Task item ::
The output should be exactly the lines from the one containing "Przyjęcie nowych ministrantów" through the last line of the records, and only those.

Working data below:

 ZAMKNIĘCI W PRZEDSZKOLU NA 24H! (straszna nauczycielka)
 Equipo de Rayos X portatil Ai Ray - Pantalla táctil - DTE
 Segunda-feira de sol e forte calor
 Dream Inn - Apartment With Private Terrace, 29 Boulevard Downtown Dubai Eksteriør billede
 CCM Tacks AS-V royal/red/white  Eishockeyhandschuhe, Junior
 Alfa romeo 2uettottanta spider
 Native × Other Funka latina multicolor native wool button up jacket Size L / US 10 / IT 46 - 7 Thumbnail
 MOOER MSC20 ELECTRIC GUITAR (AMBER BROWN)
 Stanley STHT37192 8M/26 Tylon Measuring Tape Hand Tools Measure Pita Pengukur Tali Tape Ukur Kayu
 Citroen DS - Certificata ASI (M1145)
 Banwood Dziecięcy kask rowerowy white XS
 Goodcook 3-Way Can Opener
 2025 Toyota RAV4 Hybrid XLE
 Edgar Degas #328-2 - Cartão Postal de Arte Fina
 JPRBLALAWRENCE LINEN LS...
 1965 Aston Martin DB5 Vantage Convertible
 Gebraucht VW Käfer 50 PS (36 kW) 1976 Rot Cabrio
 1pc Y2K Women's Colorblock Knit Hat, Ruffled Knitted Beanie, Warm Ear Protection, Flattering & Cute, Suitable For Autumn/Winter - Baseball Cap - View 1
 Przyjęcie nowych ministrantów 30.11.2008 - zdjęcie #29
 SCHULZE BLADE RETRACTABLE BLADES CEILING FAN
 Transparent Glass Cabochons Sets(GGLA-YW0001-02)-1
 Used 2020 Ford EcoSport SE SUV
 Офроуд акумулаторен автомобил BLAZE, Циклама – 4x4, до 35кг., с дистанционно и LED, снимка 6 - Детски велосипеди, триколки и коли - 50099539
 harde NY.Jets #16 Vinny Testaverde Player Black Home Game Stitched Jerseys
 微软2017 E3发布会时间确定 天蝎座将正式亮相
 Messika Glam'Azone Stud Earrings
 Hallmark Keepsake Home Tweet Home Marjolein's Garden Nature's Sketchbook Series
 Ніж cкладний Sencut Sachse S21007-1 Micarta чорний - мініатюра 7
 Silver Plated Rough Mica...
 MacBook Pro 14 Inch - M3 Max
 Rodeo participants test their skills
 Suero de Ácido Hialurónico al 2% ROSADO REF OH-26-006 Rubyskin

End of Working data.

Output below ::
 Przyjęcie nowych ministrantów 30.11.2008 - zdjęcie #29
 SCHULZE BLADE RETRACTABLE BLADES CEILING FAN
 Transparent Glass Cabochons Sets(GGLA-YW0001-02)-1
 Used 2020 Ford EcoSport SE SUV
 Офроуд акумулаторен автомобил BLAZE, Циклама – 4x4, до 35кг., с дистанционно и LED, снимка 6 - Детски велосипеди, триколки и коли - 50099539
 harde NY.Jets #16 Vinny Testaverde Player Black Home Game Stitched Jerseys
 微软2017 E3发布会时间确定 天蝎座将正式亮相
 Messika Glam'Azone Stud Earrings
 Hallmark Keepsake Home Tweet Home Marjolein's Garden Nature's Sketchbook Series
 Ніж cкладний Sencut Sachse S21007-1 Micarta чорний - мініатюра 7
 Silver Plated Rough Mica...
 MacBook Pro 14 Inch - M3 Max
 Rodeo participants test their skills
 Suero de Ácido Hialurónico al 2% ROSADO REF OH-26-006 Rubyskin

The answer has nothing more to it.